Acquisition = More products to keep not using and explicitly recommend not using!

And the boy in black is talking some slack......... 

Posted Monday 25th February 2008 13:29 GMT

Identum had an interesting proposition but never really got motoring in the short time they were about. The Marlow posse might make some headway with it in their own client base I suppose, beyond that it's debatable.

Mathematical Monopolies 

Posted Tuesday 26th February 2008 12:51 GMT

Alert

Not only is Identum a "spin out" from a university, meaning that everyone involved was probably funded by the taxpayer before they skimmed off the cream and took it all private, but then...

"Private Post is built upon patent-pending technology"

Specifially, this:

http://l2.espacenet.com/textdoc?DB=EPODOC&IDX=GB2434947&F=19

So it's all about academics betraying the very principles of academic inquiry by getting their hands on illegitimate instruments of "intellectual property": software and process patents.

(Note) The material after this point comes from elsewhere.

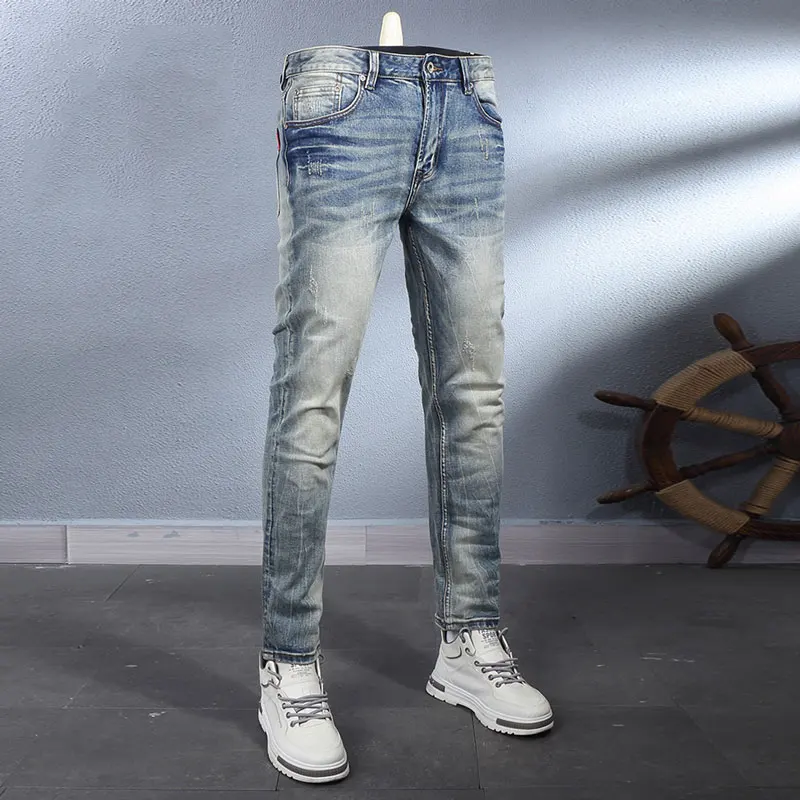 

Newly Designer Fashion Men Jeans Retro Light Blue Stretch Slim Fit Ripped Jeans Men Italian Style Vintage Denim Pants Hombre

I guess they'd be good bedfellows with the despicable Trend Micro.

Grow up 

Posted Tuesday 26th February 2008 16:27 GMT

Trend Micro may have upset a few of you in the free software arena, but for those of us in the real world where protection to a corporate network is vital then they do a job as well as anyone. At least they work to integrate products unlike the losers at Symantec and McAfee who just slap it in a new box and call it integrated. Baracuda are not exactly blameless in this and having tried to use their product I fail so see why they are even still in business.

@Grow up 

Posted Tuesday 26th February 2008 17:07 GMT

Flame

"Trend Micro may have upset a few of you in the free software arena, but for those of us in the real world..."

The "free software arena" and the real world are one and the same, didn't you know? Free software provides most of the infrastructure of the Internet, in fact. (Especially if you include permissively-licensed stuff that vendors are able to fork and close.) What did you think was out there? A big Microsoft Exchange server installation running all the e-mail on the planet? NetBEUI broadcasts to find www.google.com and the like?

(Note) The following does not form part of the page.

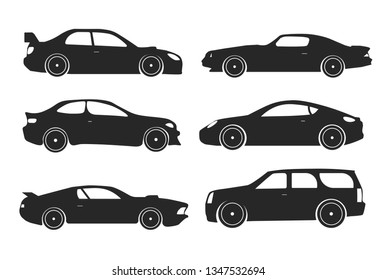 Vector cars icons set, side view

There's nothing wrong with providing a business around software, but there is a lot wrong with people filing bogus claims on stuff they've thought of and then taxing everyone else who strays near their turf. But I suppose "growing up" to people like you is about pretending to be all businesslike (flaunt that "corporate" thing as if we're impressed), and letting the likes of Trend Micro dip into your wallet whether you're using their stuff or not.